Indexing properties

indexspace

A directory in which to store the index files. The default is the empty string, which means use the database directory. This can be used to put the indexes onto another disk to balance load or for space reasons. If indexspace is set to a non-default value when a Metamorph index is being updated, the new index will be stored in the new location.

indexblock

When a Metamorph index is created on an indirect field, the indirect files are read in blocks. This property allows the size of the block used to be redefined.

indexmem

When indexes are created Texis will use memory to speed up the process. This setting allows the amount of memory used to be adjusted. The default is to use 40% of physical memory, if it can be determined, and to use 16MB if not. If the value set is less than 100 then it is treated as a percentage of physical memory. It the number is greater than 100 then it is treated as the number of bytes of memory to use. Setting this value too high can cause excessive swapping, while setting it too low causes unneeded extra merges to disk.

indexmeter

Whether to print a progress meter during index creation/update. The default is 0 or 'none', which suppresses the meter. A value of 1 or 'simple' prints a simple hash-mark meter (with no tty control codes; suitable for redirection to a file and reading by other processes). A value of 2 or 'percent' or 'pct' prints a hash-mark meter with a more detailed percentage value (suitable for large indexes). Added in version 4.00.998688241 Aug 24 2001.

meter

A semicolon-separated list of processes to print a progress meter for. Syntax:

{process[=type]}|type [; ...]

A process is one of index, compact, or the catch-all alias all. A type is a progress meter type, one of none, simple, percent, on (same as simple) or off (same as none). The default type if not given is on. E.g. to show a progress meter for all meterable processes, simply set meter to on. Added in version 6.00.1290500000 20101123.

addexp

An additional REX expression to match words to be indexed in a Metamorph index. This is useful if there are non-English words to be searched for, such as part numbers. When an index is first created, the expressions used are stored with it so they will be updated properly. The default expression is \alnum{2,99}. Note: Only the expressions set when the index is initially created (i.e. the first CREATE METAMORPH ... statement - later statements are index updates) are saved. Expressions set during an update (issuance of "create metamorph [inverted] index" on an existent index) will not be added.

delexp

This removes an index word expression from the list. Expressions can be removed either by number (starting with 0) or by expression.

lstexp

Lists the current index word expressions. The value specified is ignored (but required syntactically).

addindextmp

Add a directory to the list of directories to use for temporary files while creating the index. If temporary files are needed while creating a Metamorph index they will be created in one of these directories, the one with the most space at the time of creation. If no addindextmp dirs are specified, the default list is the index's destination dir (e.g. database or indexspace), and the environment variables TMP and TMPDIR.

delindextmp

Remove a directory from the list of directories to use for temporary files while creating a Metamorph index.

lstindextmp

List the directories used for temporary files while creating Metamorph indices. Aka listindextmp.

indexvalues

Controls how a regular (B-tree) index stores table values. If set to splitstrlst (the default), then strlst-type fields are split, i.e. a separate (item,recid) tuple is stored for each (varchar) item in the strlst, rather than just one for the whole (strlst,recid) tuple. This allows the index to be used for some set-like operators that look at individual items in a strlst, such as most IN, SUBSET (here) and INTERSECT (here) queries.

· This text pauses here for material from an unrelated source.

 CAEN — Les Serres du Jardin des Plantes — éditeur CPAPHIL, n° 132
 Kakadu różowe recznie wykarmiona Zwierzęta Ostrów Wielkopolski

If indexvalues is set to all - or the index is not on a strlst field, or is on multiple fields - such splitting does not occur, and the index can generally not be used for set-like queries (with some exceptions; see here for details).

Note that if index values are split (i.e. splitstrlst set and index is one field which is strlst), table rows with an empty (zero-items) strlst value will not be stored in the index. This means that queries that require searching for or listing empty-strlst table values cannot use such an index. For example, a subset query with a non-empty parameter on the right side and a strlst table column on the left side will not be able to return empty-strlst rows when using an index, even though they match. Also, subset queries with an empty-strlst or empty-varchar parameter (left or right side) must use an indexvalues=all index instead. Thus if empty-strlst subset query parameters are a possibility, both types of index splitstrlst and all) should be created.

As with stringcomparemode, only the creation-time indexvalues value is ever used by an index, not the current value, and the optimizer will attempt to choose the best index at search time. The indexvalues setting was added in Texis version 7; previous versions effectively had indexvalues set to splitstrlst. Caveat: A version 6 Texis will issue an error when encountering an indexvalues=all index (as it is unimplemented in version 6), and will refuse to modify the index or the table it is on. A version 5 or earlier Texis, however, may silently corrupt an indexvalues=all index during table modifications.

btreethreshold

This sets a limit as to how much of an index should be used. If a particular portion of the query matches more than the given percent of the rows the index will not be used. It is often more efficient to try and find another index rather than use an index for a very frequent term. The default is set to 50, so if more than half the records match, the index will not be used. This only applies to ordinary indices.

btreelog

Whether to log operations on a particular B-tree, for debugging. Generally enabled only at the request of tech support. The value syntax is:

[on=|off=][/dir/]file[.btr]

Prefixing on= or off= turns logging on or off, respectively; the default (if no prefix) is on. Logging applies to the named B-tree file; if a relative path is given, logging applies to the named B-tree in any database accessed.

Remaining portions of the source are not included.